Following a successful and worthwhile visit to the Teifi Marshes, culminating in a stunning photograph of an osprey carrying a fish (click to view) , I continued towards St Davids. One of my very best postcard customers has a shop there and I had been asked to do some more designs of the area. I have to consciously think “postcard” when this is the objective. I suppose I expect other people to have the same visual sense as I do. It was a sunny day with little cloud and a rather dusty atmosphere – not surprising considering all the dry weather we have had this summer. Long distance visibility was not great.
And I couldn’t find my polarising filter. I had “mislaid” (not quite officially “lost”) my first choice polariser and could mentally picture my spare sitting on the desk at home. I don’t use one for bird photography but find it indispensible for landscapes. Without it, what would I actually do on this trip? I decided to concentrate on the area around the Cathedral and Bishops Palace, both situated in the shallow valley of the River Alun, west of the main built up area. I was on the edge of the woodland overlooking the Bishops Palace when I happened to glance upwards – and there was a fox calmly looking down on me as I went about my business.

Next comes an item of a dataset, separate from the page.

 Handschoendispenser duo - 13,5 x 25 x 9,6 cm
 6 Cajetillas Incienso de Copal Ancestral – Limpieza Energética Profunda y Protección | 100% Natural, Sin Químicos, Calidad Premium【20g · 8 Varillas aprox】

The only lens I had with me (a 12-100 mm zoom) was long enough. I had time to adjust various settings for optimal quality, but I was grateful for the image stabilisation built in to the lens. By this time light levels were rather low.
Eventually the fox carried on its way. I quietly followed it on a parallel path and then, reaching a track, went upwards. The fox re-appeared from the vegetation and looked at me silently again. I took another burst of images, including the main photo above. I’m going to have to admit here that there was some extraneous and out-of-focus vegetation around the animal but I found it was easy enough to remove it using Lightroom’s AI Removal tool. (Almost too easy, really: where will it end?) None of these images would win the Wildlife Photographer of the Year for that reason , but I’m contented enough. What do you think?


I had a fitful night’s sleep, waking about 4 a.m. and frantically ransacking the van again for my polariser, but to no avail. Come the morning I looked through my bag again and there was the polariser. It was just sitting there in one of the pockets. How could I have missed it?? So it was over to the Cathedral with a spring in my step. As well as being a crucial photographic tool for me I think it must also be a comfort blanket. The Cathedral has surely been photographed a million times and it was difficult to envisage anything different, especially with a postcard in mind. I spent a while around the Cathedral grounds trying to find something new but I’m not sure I succeeded.